= What the exercise asks =
In full and without alteration, print the records below, minus any images.

-- Data to use follows --

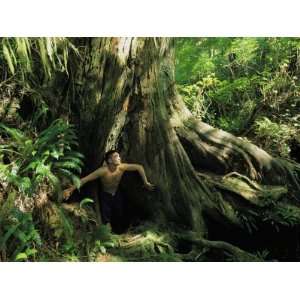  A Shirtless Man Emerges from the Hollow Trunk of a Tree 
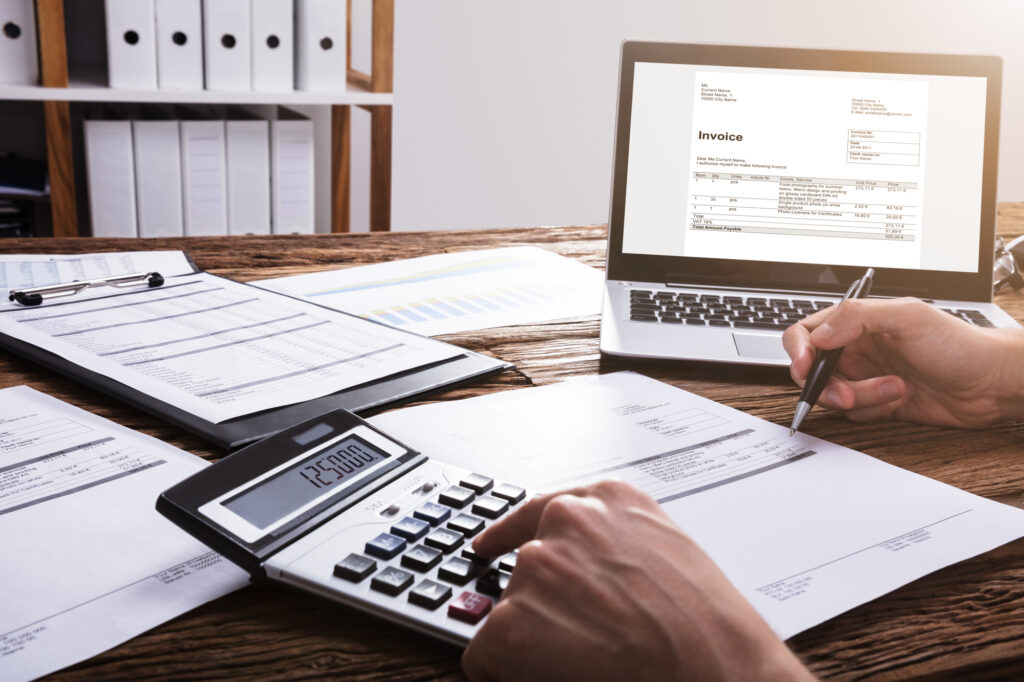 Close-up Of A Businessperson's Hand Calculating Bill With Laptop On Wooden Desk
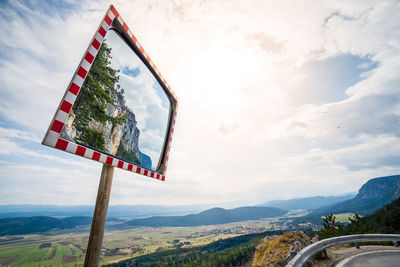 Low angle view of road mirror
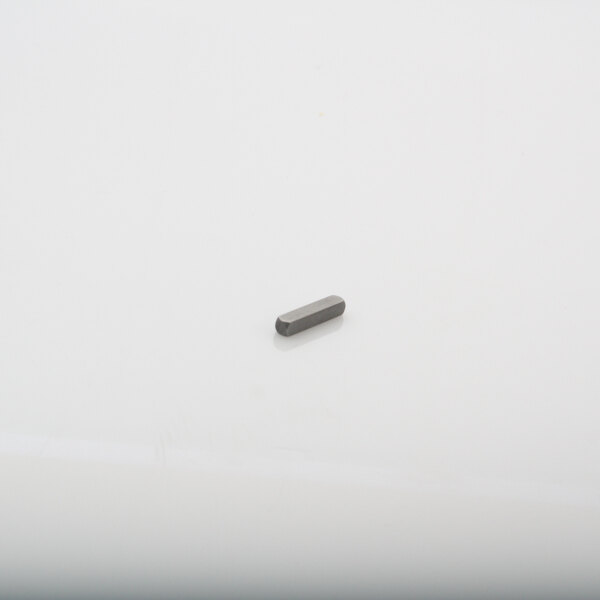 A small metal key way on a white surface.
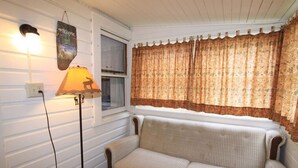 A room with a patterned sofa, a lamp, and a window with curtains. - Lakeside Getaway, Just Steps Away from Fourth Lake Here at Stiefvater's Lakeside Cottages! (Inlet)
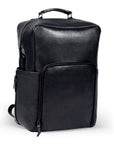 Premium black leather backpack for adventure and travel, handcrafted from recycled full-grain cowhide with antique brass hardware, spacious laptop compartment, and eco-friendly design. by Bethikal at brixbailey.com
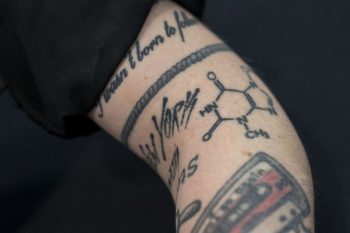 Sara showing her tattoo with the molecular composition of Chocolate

-- Data to use concluded --

= Written solution =
  A Shirtless Man Emerges from the Hollow Trunk of a Tree 
 Close-up Of A Businessperson's Hand Calculating Bill With Laptop On Wooden Desk
 Low angle view of road mirror
 A small metal key way on a white surface.
 A room with a patterned sofa, a lamp, and a window with curtains. - Lakeside Getaway, Just Steps Away from Fourth Lake Here at Stiefvater's Lakeside Cottages! (Inlet)
 Premium black leather backpack for adventure and travel, handcrafted from recycled full-grain cowhide with antique brass hardware, spacious laptop compartment, and eco-friendly design. by Bethikal at brixbailey.com
 Sara showing her tattoo with the molecular composition of Chocolate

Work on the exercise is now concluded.